An innovative new grant program for fighting forest loss is putting project design and funding decisions in the hands of indigenous peoples and local communities and giving them the power to set priorities and implement programs aimed at conserving their natural environment.
Several members of forest communities say they see it as a unifying platform they can use to make their voices heard and to tackle forest loss and climate change on their own terms.
The program, called the Dedicated Grant Mechanism (DGM), is financed by the Climate Investment Funds as a special initiative of the Forest Investment Program and was recently approved by the World Bank Board of Directors. It will be implemented at both global and national levels in countries implementing the Forest Investment Program.

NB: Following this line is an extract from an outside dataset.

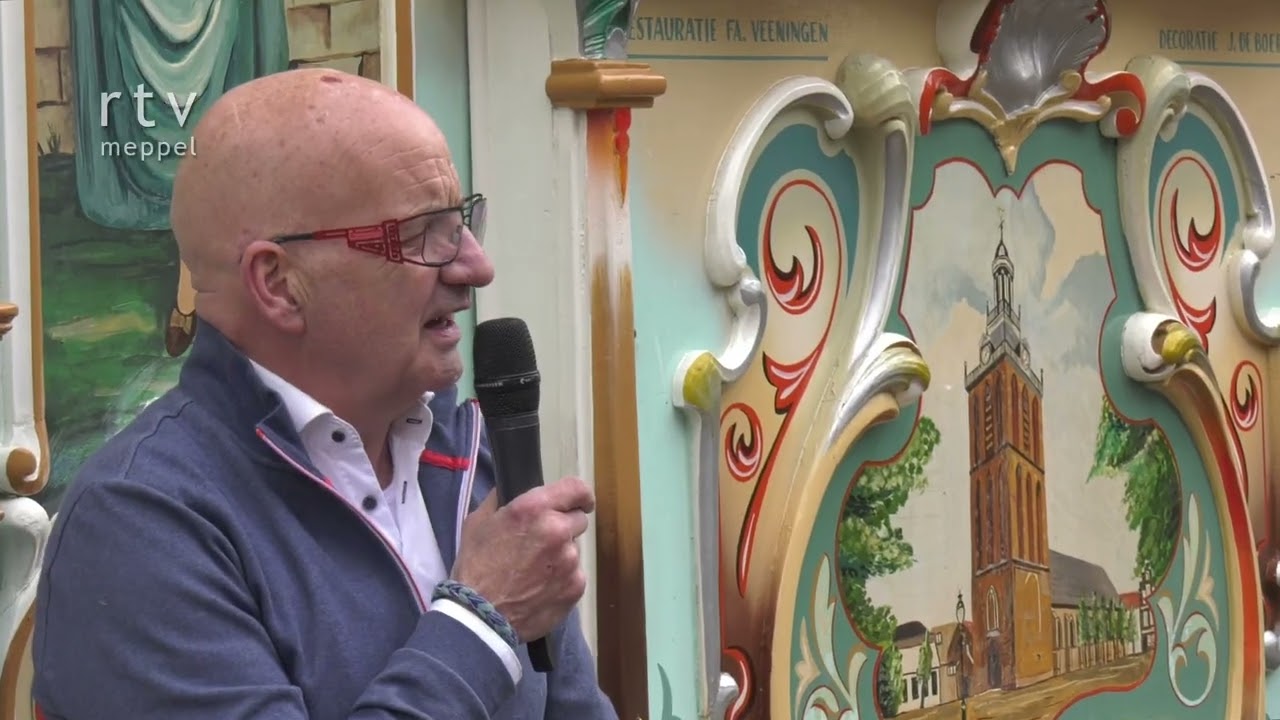 Opening tentoonstelling Oud Meppel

“We have never had this kind of program before … we have the ownership of this program,” said Mina Setra, from Aliansi Masyarakat Adat Nusantara (AMAN), one of the largest organizations of Indigenous Peoples in Indonesia, who represents the Kalimantan region of Indonesia on the DGM national steering committee. “I think this is a good opportunity for Indigenous Peoples to exercise our capacities in managing programs and also funding. That is what is unique about the dedicated grant mechanism.”
Designed by and for Indigenous Peoples and local communities
Forests play an important role in our world. They help combat climate change by absorbing about 15 percent of the planet’s greenhouse gas emissions and also provide economic, social and environmental services – from creating jobs to providing housing and food to protecting the watershed. An estimated 1.3 billion people, or nearly 20 percent of the world’s population, rely on forests and forest products for their livelihoods.
But forest-dependent communities are among the most marginalized in the world, with the majority living on less than $1.25 per day. And deforestation not only damages their surroundings, but it also adds to the carbon footprint.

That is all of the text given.